En su plática “El peligro de una historia única”, Chimamanda Ngozi habla de cómo leer a escritores africanos la hizo darse cuenta de que la cultura de los pueblos de su continente tiene tanto que aportar como cualquier otra. Antes de descubrirlos, su afición por los libros ingleses y americanos la llevaba a idealizar sociedades distintas a la suya. En mi caso, Medio sol amarillo, su desgarradora novela sobre Biafra, cambió mi forma de acercarme al tema del colonialismo. Gracias a ella, sentí el dolor de gente con quien me era fácil identificarme y mis argumentos en contra del dominio de un pueblo sobre otro adquirieron la fuerza de lo que se cree realmente, no mediante la razón, sino con la intensidad de los sentidos. La ficción es poderosa porque, a diferencia de la Historia, es libre de plantear cualquier situación sin justificar el punto de vista y, lo más importante, sin apegarse a hechos pseudodemostrables.

En la nota de Al filo del agua de la colección de la Biblioteca Mexicana del Conocimiento, hay una cita de Emmanuel Carballo: “No existe en nuestra amplia narrativa revolucionaria un texto que indique con mejor sentido, sin descender al documento o a la demagogia, cómo se vivía durante los últimos periodos presidenciales de Porfirio Díaz y, al mismo tiempo, aclare por qué surge, qué se propone y, quizá, por qué fracasa la Revolución de 1910.” La Historia es inamovible. En las novelas, en cambio, los personajes toman rumbos impredecibles. La única regla es que, al final del camino, la trama sea verosímil. De niños aprendemos a rechazar lo incomprensible para nosotros y en la escuela vemos una sola versión de la Historia. En lugar de fomentar el espíritu crítico, el sistema apuesta por la línea del pensamiento uniforme. La literatura es poderosa porque despierta la curiosidad, de ahí la cantidad de obras que se ha ordenado quemar a lo largo de los siglos, en todas partes del mundo; es más sencillo gobernar a un pueblo de criterio adormecido. Los libros derrumban las versiones oficiales y borran poco a poco conceptos ajenos tatuados en nuestro intelecto como marcas de agua. Seguir el desarrollo de un personaje bien dibujado nos hace darnos cuenta de que hay varias formas de enfrentar una misma situación y de que lo que creíamos incuestionable no lo es. El negro y el blanco se difuminan para formar una gama de grises. De la literatura aprendemos a desaprender.

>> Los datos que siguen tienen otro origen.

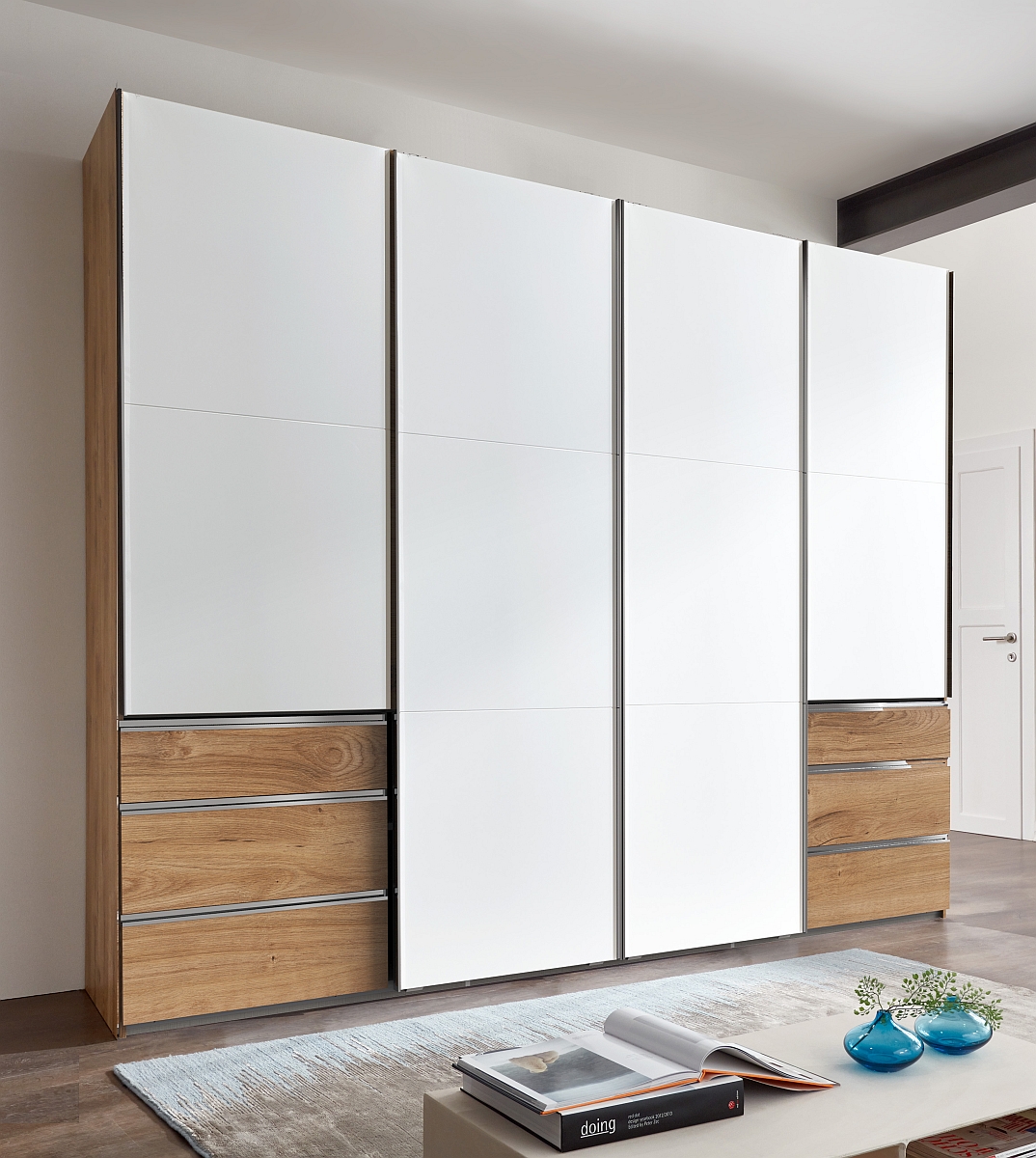 Schwebetürenschrank LEVEL 36 A | Weiß-Plankeneiche | 502407-4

Encontrar puntos en común con el otro, el distinto, el ajeno, diluye fronteras de cualquier tipo. Despierta la empatía y la compasión. Sí, la lectura es peligrosa, pero sólo para quien quiere tener el control. Uno de los mayores retos del ser humano es encontrar su propio camino, pero ¿cómo encontrarlo dentro de capas y capas de barreras mentales? Leer por gusto, con la finalidad de seguir una trama, es una buena forma de derrumbarlas. Si el elefante del cuento sufí hubiera sido buen lector, probablemente sería libre.